_PROBLEM_.
Without including any pictures, copy each entry below exactly.

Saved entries
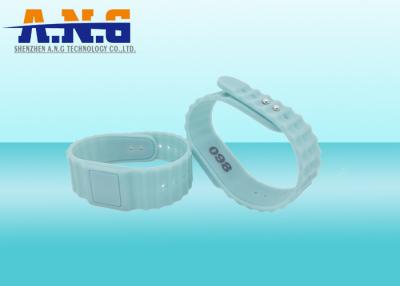 China Concert rfid wristbands frequency / Smart Rewearable eco-friendly Silicone RFID bracelets for sale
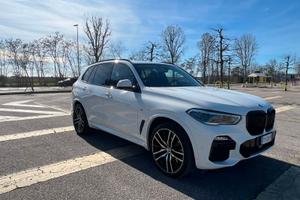 BMW X5 45e MSport tetto pano HK Laser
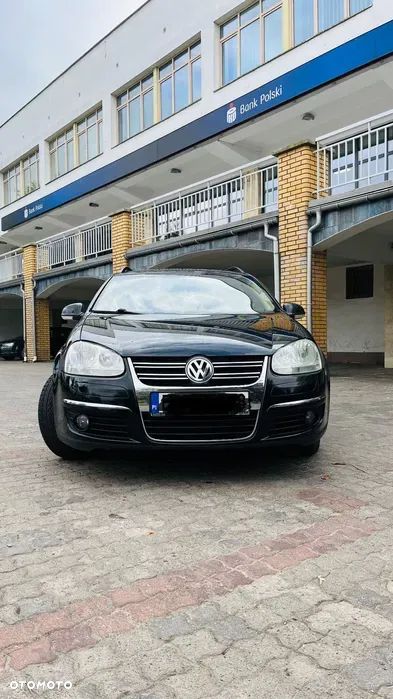 Volkswagen Golf - 3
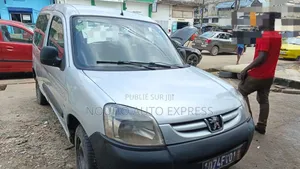 Peugeot Partner 2012 Gris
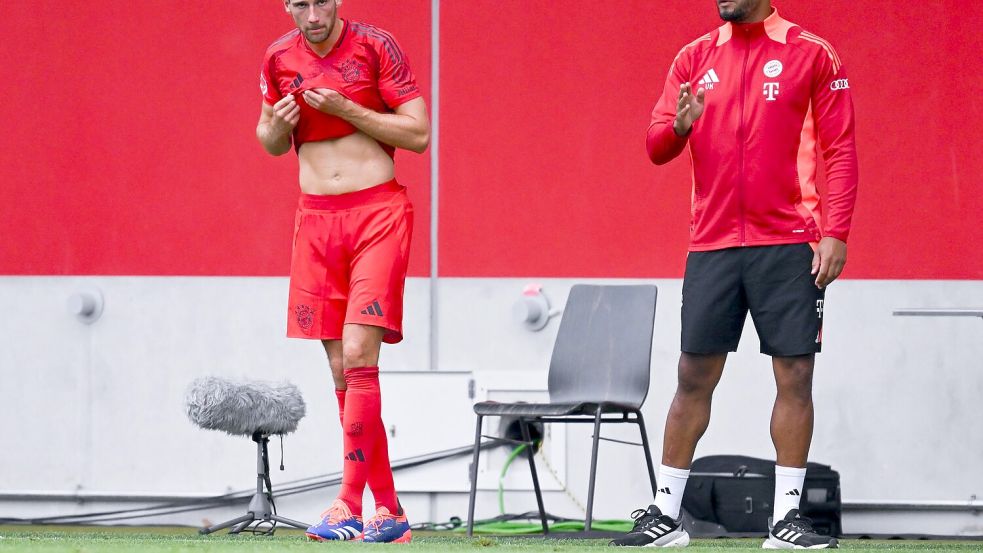 Startelfeinsatz im Testspiel: Aber Leon Goretzka (l.) hat einen schweren Stand beim neuen Bayern-Trainer Vincent Kompany. Foto: Sven Hoppe/dpa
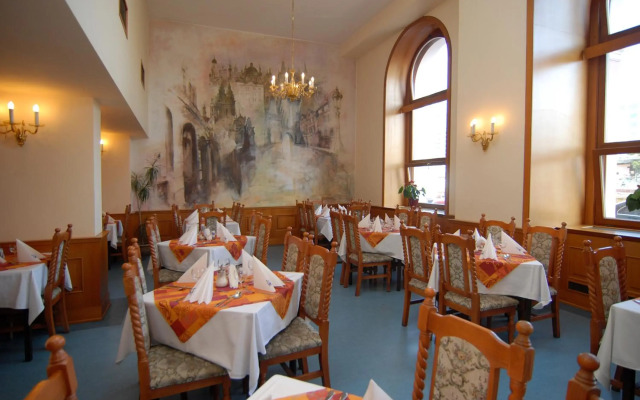 Opera Hotel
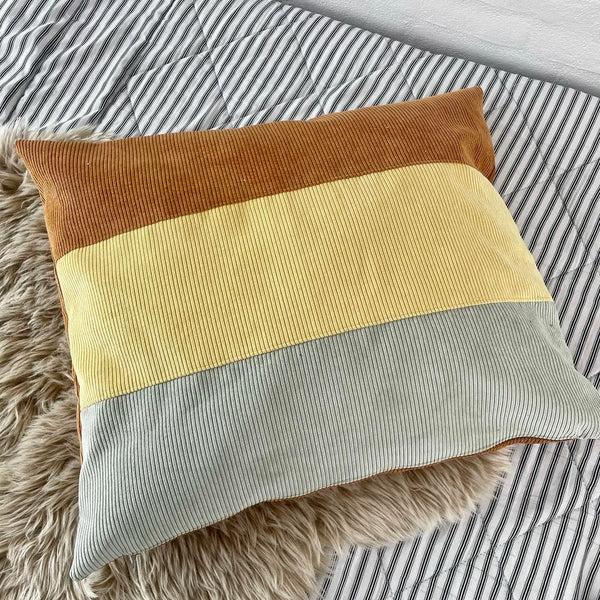 Pudebetræk i gul, cognac og beige fløjl.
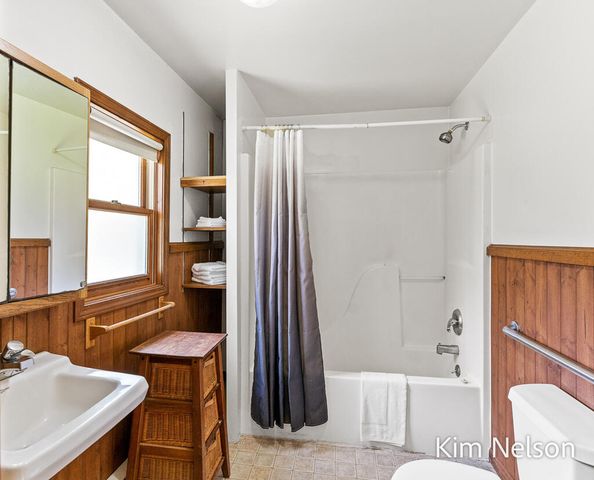 6195 Murray Road, Whitehall, MI 49461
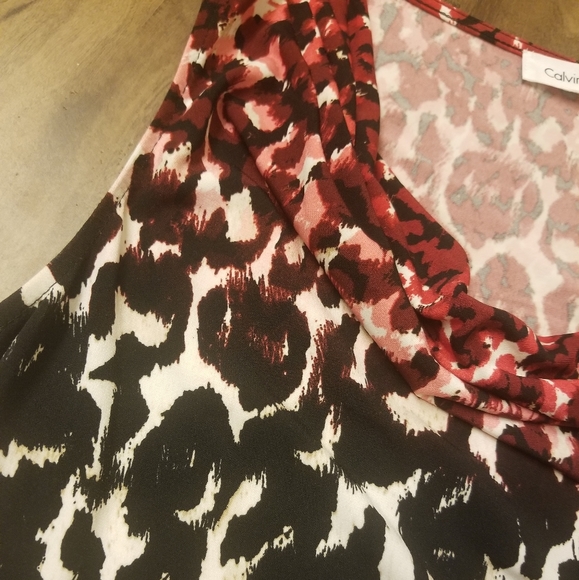 Calvin Klein Top - Picture 2 of 5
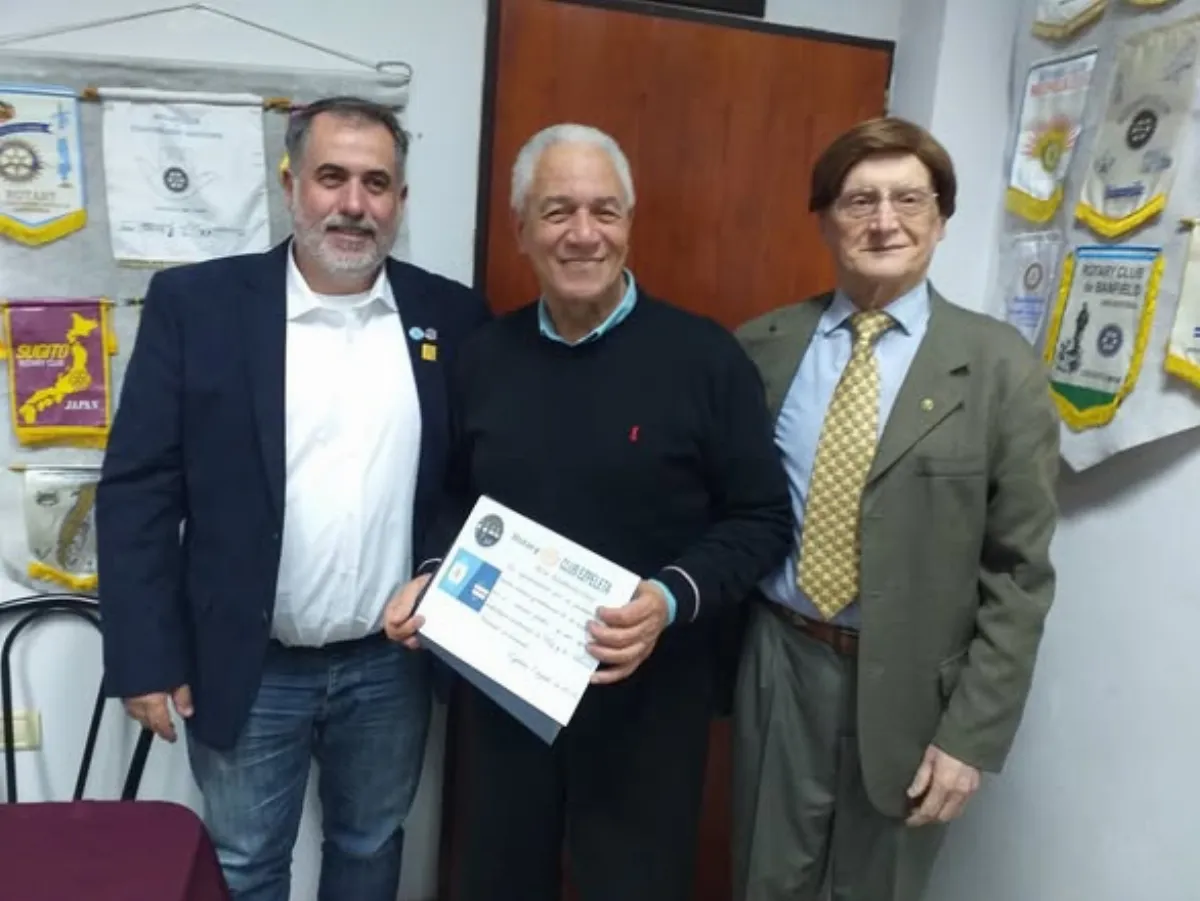 El furor por Cabo Verde llegó a Ezpeleta: el Cónsul brindó en el Rotary una charla sobre el país africano
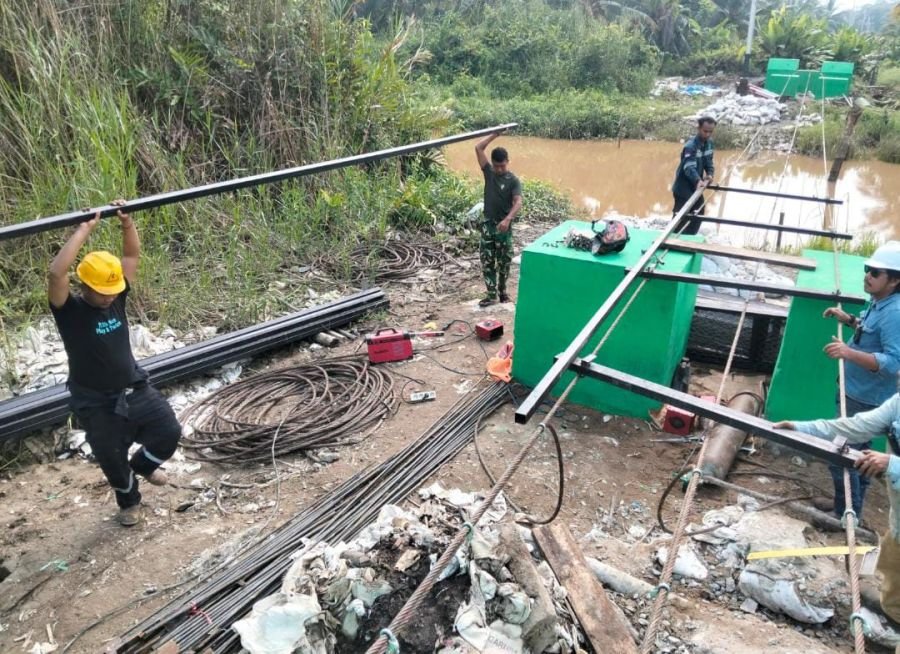 Jembatan Garuda Koramil 01/Tembilahan Memasuki Tahap Pemasangan Seling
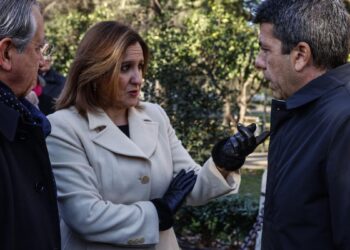 Génova enciende las alarmas ante el riesgo de una guerra en el PP valenciano con Mazón cuestionado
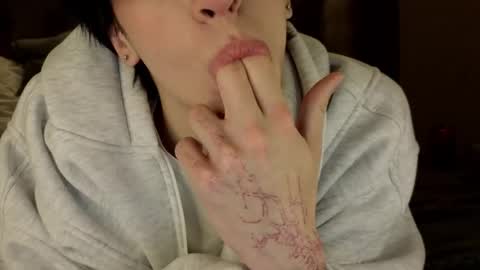 oliver online show from March 20, 10:04 pm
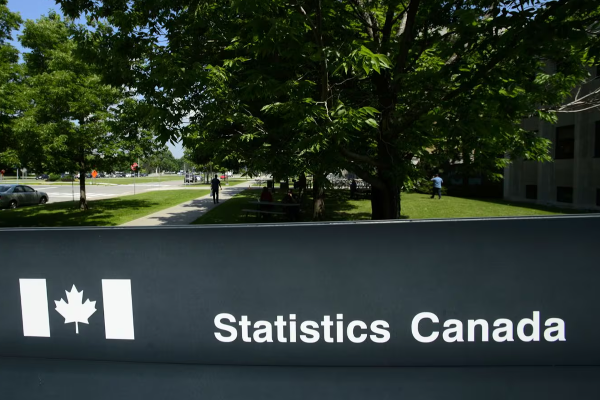 கனடாவில் வேலைவாய்ப்புக்காக காத்திருப்போருக்கான செய்தி | Job Opportunities Are Less In Canada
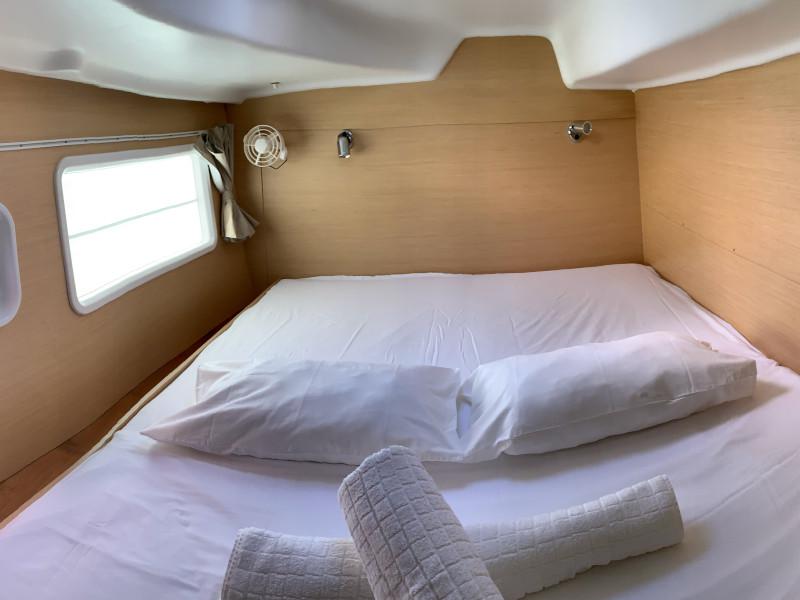 Book yachts online - catamaran - Lagoon 380 - GOA 3 - rent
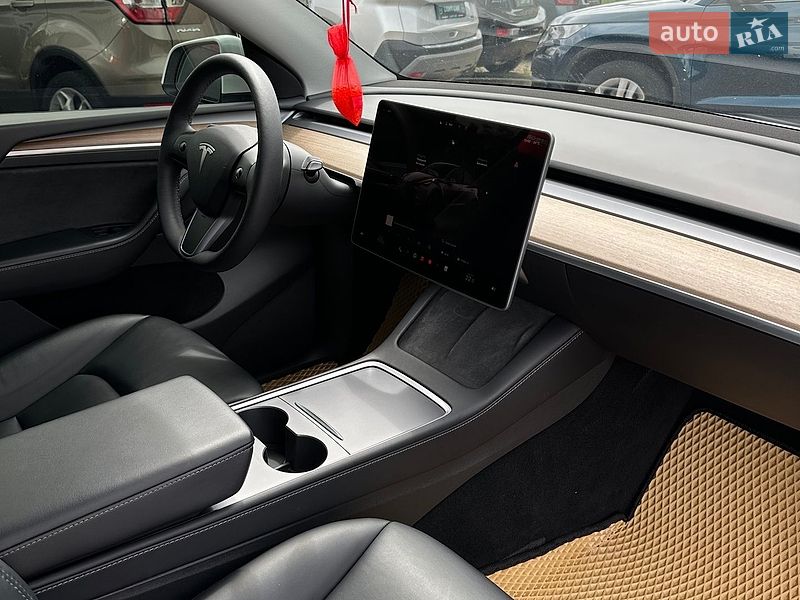 Внедорожник / Кроссовер Tesla Model Y 2022 в Броварах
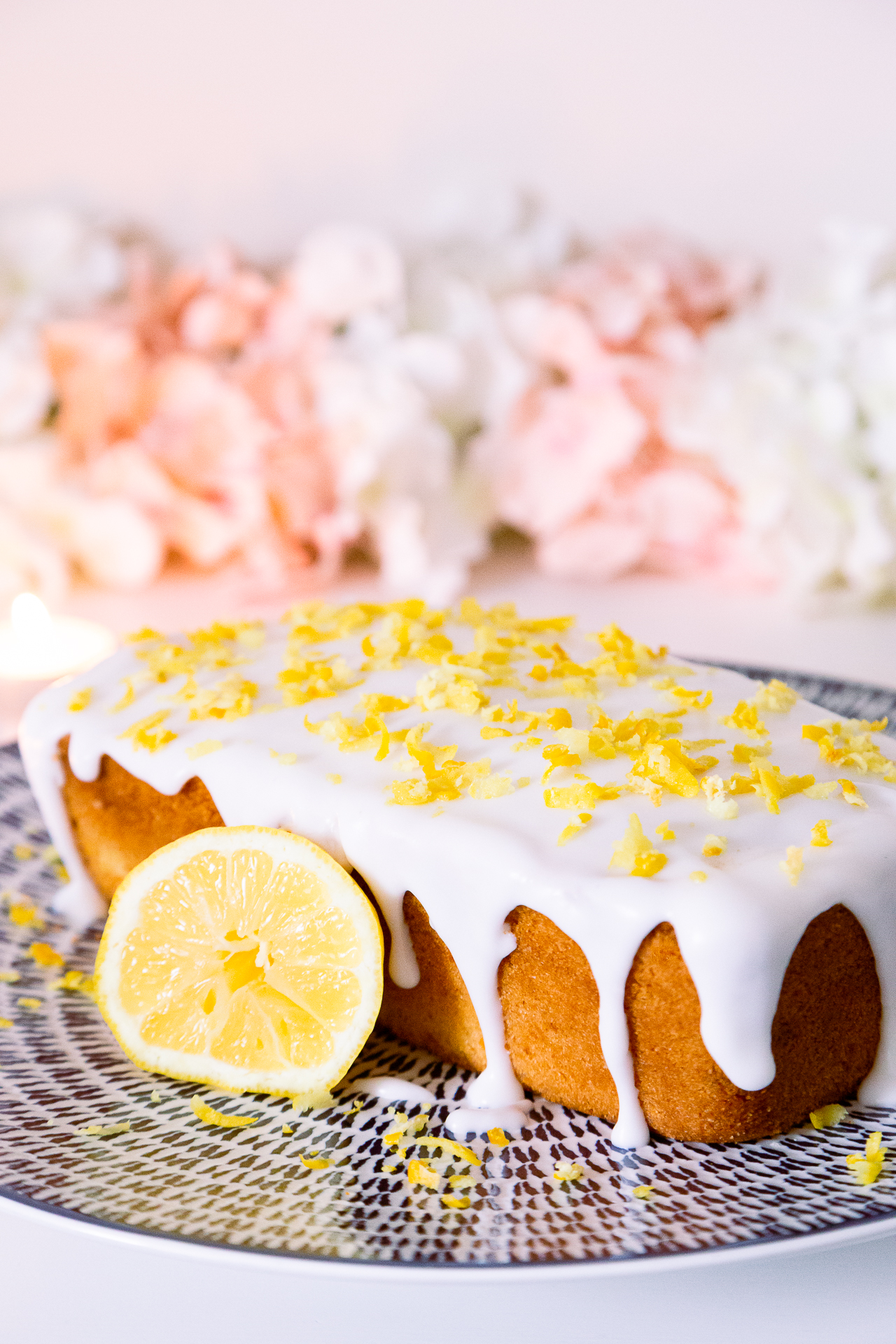 lemon drizzle cake with thick icing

_RESULT OF THE EXERCISE_.
 China Concert rfid wristbands frequency / Smart Rewearable eco-friendly Silicone RFID bracelets for sale
 BMW X5 45e MSport tetto pano HK Laser
 Volkswagen Golf - 3
 Peugeot Partner 2012 Gris
 Startelfeinsatz im Testspiel: Aber Leon Goretzka (l.) hat einen schweren Stand beim neuen Bayern-Trainer Vincent Kompany. Foto: Sven Hoppe/dpa
 Opera Hotel
 Pudebetræk i gul, cognac og beige fløjl.
 6195 Murray Road, Whitehall, MI 49461
 Calvin Klein Top - Picture 2 of 5
 El furor por Cabo Verde llegó a Ezpeleta: el Cónsul brindó en el Rotary una charla sobre el país africano
 Jembatan Garuda Koramil 01/Tembilahan Memasuki Tahap Pemasangan Seling
 Génova enciende las alarmas ante el riesgo de una guerra en el PP valenciano con Mazón cuestionado
 oliver online show from March 20, 10:04 pm
 கனடாவில் வேலைவாய்ப்புக்காக காத்திருப்போருக்கான செய்தி | Job Opportunities Are Less In Canada
 Book yachts online - catamaran - Lagoon 380 - GOA 3 - rent
 Внедорожник / Кроссовер Tesla Model Y 2022 в Броварах
 lemon drizzle cake with thick icing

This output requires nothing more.